What you should do> Beginning with the line containing "ベルシードステアーアルファ西日暮里 3階ワンルームの間取り" and ending with the line containing "Good price Hotel", write out each line of the records below exactly; pictures and lines outside that range are left out.

The records>

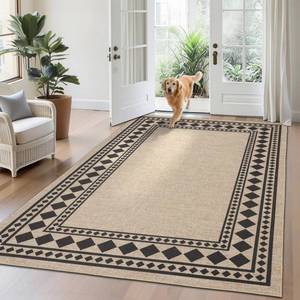 GAOMON Bordered Easy Jute Rug 5x7 Modern Geometric Bedroom Carpet, Stain-Resistant Low Pile Floor Mats, Machine Washable Indoor Outdoor Rug for Living Room, Backyard, Natural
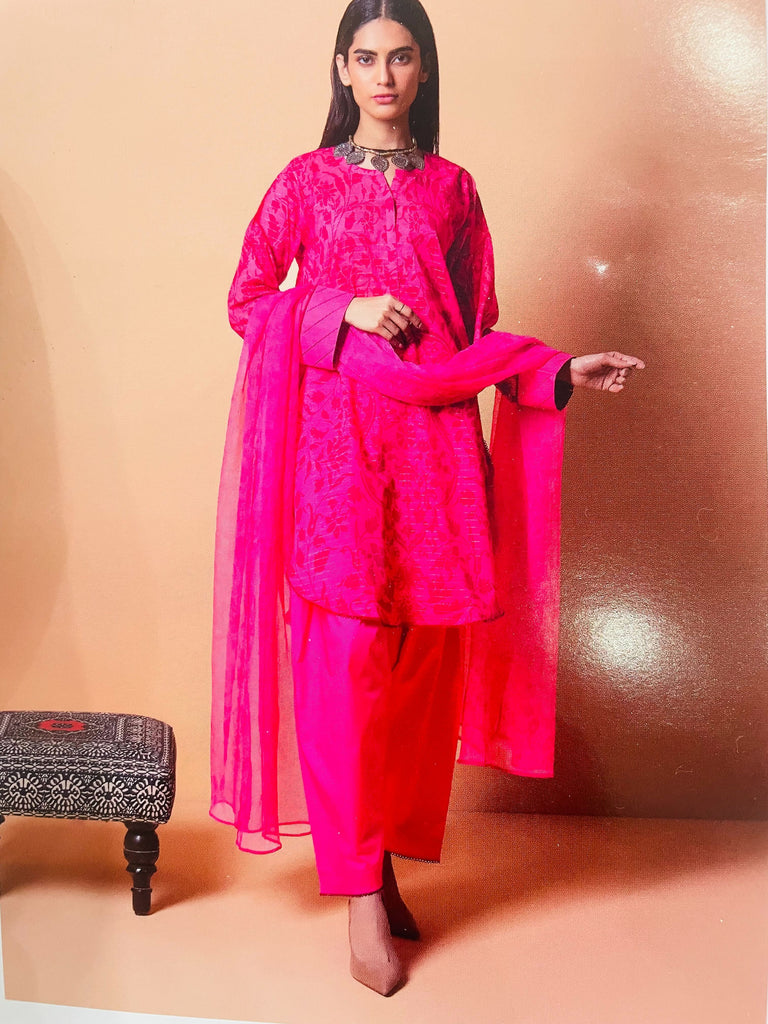 Khaadi 3Pc Suit - AME22202-PINK-3PC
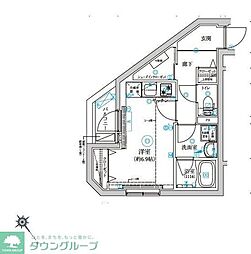 ベルシードステアーアルファ西日暮里 3階ワンルームの間取り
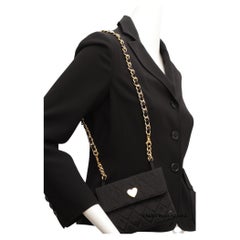 MOSCHINO by Franco Moschino, Black Blazer with Purse and Hardware Embellishment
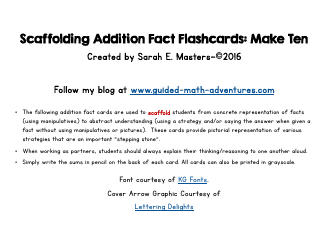 Scaffolding Addition Flashcards: Make Ten - Sarah E. Masters, Page 3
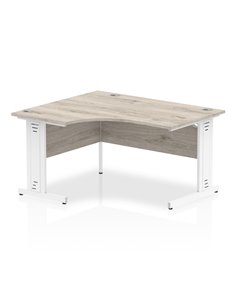 Dynamic Impulse 1400mm Left Crescent Office Desk Grey Oak Top White Cable Managed Leg I003855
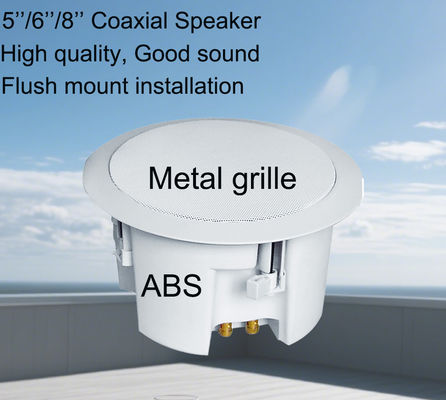 Good price Hotel Schools 100/70V Ceiling Speakers 8 Inch 40/20/10/5w/8ohm Coaxial Loudspeaker online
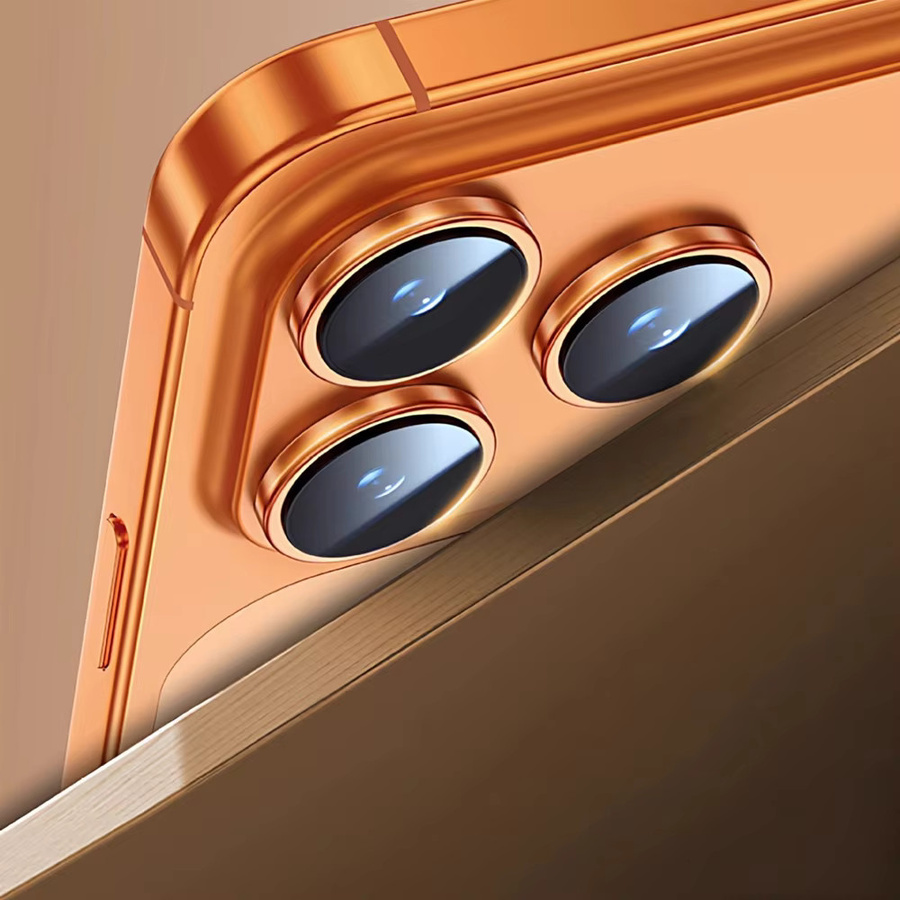 DIXSG 2er-Set matter Panzer-Kameraobjektivschutz für iPhone 17 Pro Max, 17 Pro und 17 Air aus gehärtetem Glas mit Metallring in Gold und Orange - Bild 2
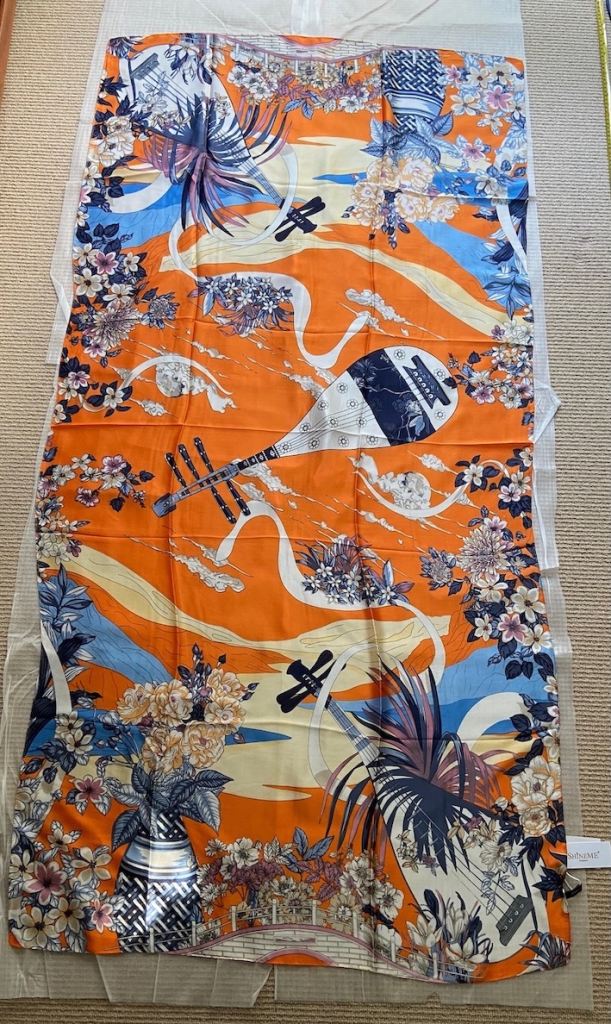 New 100% Silk Scarf, floral design in orange multi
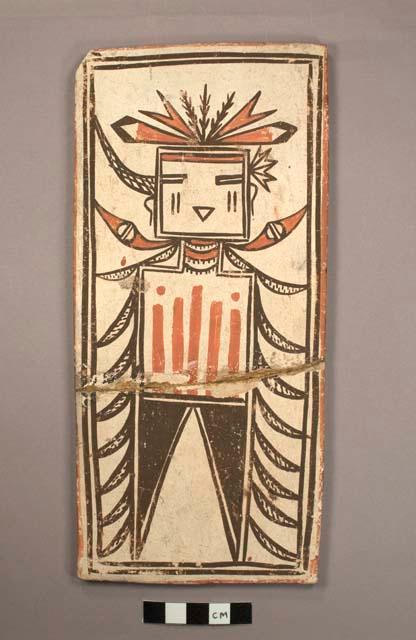 Tile, polacca polychrome style d. kachina & clown design. 24.2 x 11.0 cm.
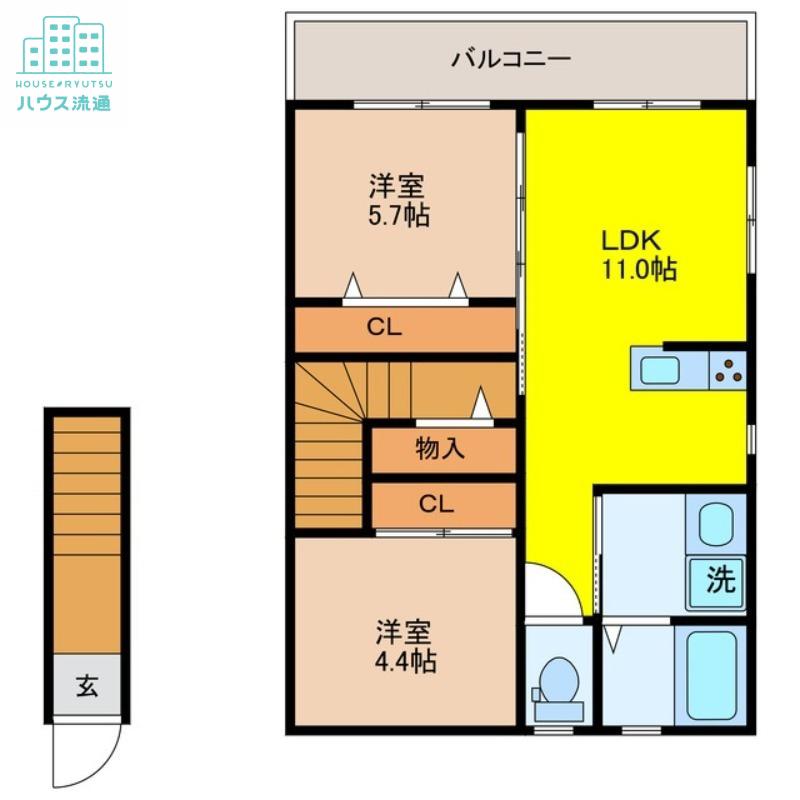 NICOSHOUSE(1LDK/2階)の間取り写真
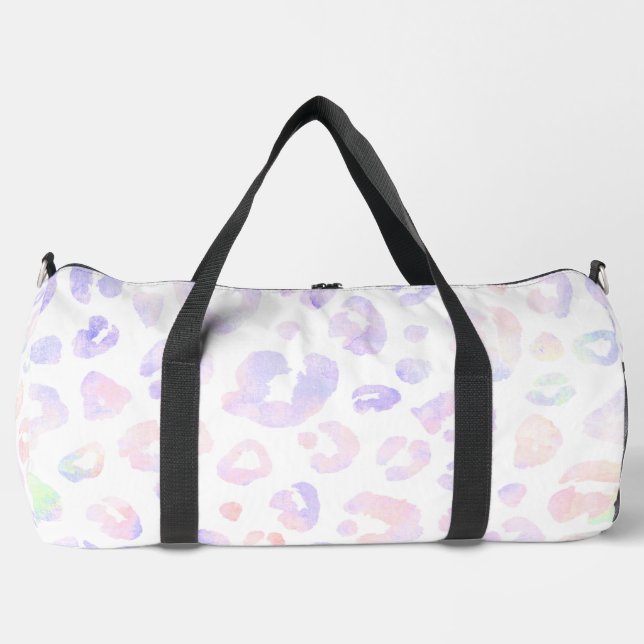 Metallic White Leopard Pattern Duffle Bag (Front)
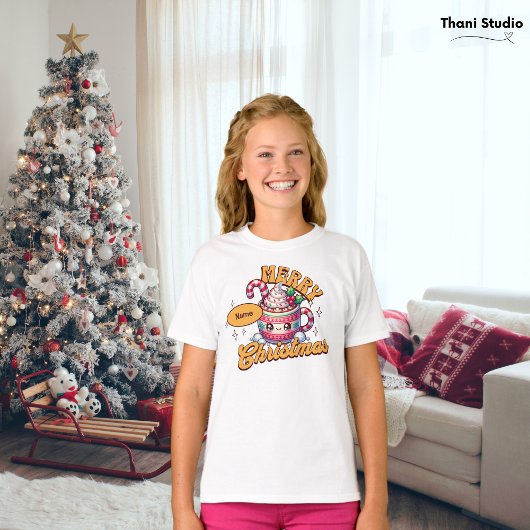 Vrolijk kerstfeest Schattigee warme chocolademelk T-shirt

Response to the task>
 ベルシードステアーアルファ西日暮里 3階ワンルームの間取り
 MOSCHINO by Franco Moschino, Black Blazer with Purse and Hardware Embellishment
 Scaffolding Addition Flashcards: Make Ten - Sarah E. Masters, Page 3
 Dynamic Impulse 1400mm Left Crescent Office Desk Grey Oak Top White Cable Managed Leg I003855
 Good price Hotel Schools 100/70V Ceiling Speakers 8 Inch 40/20/10/5w/8ohm Coaxial Loudspeaker online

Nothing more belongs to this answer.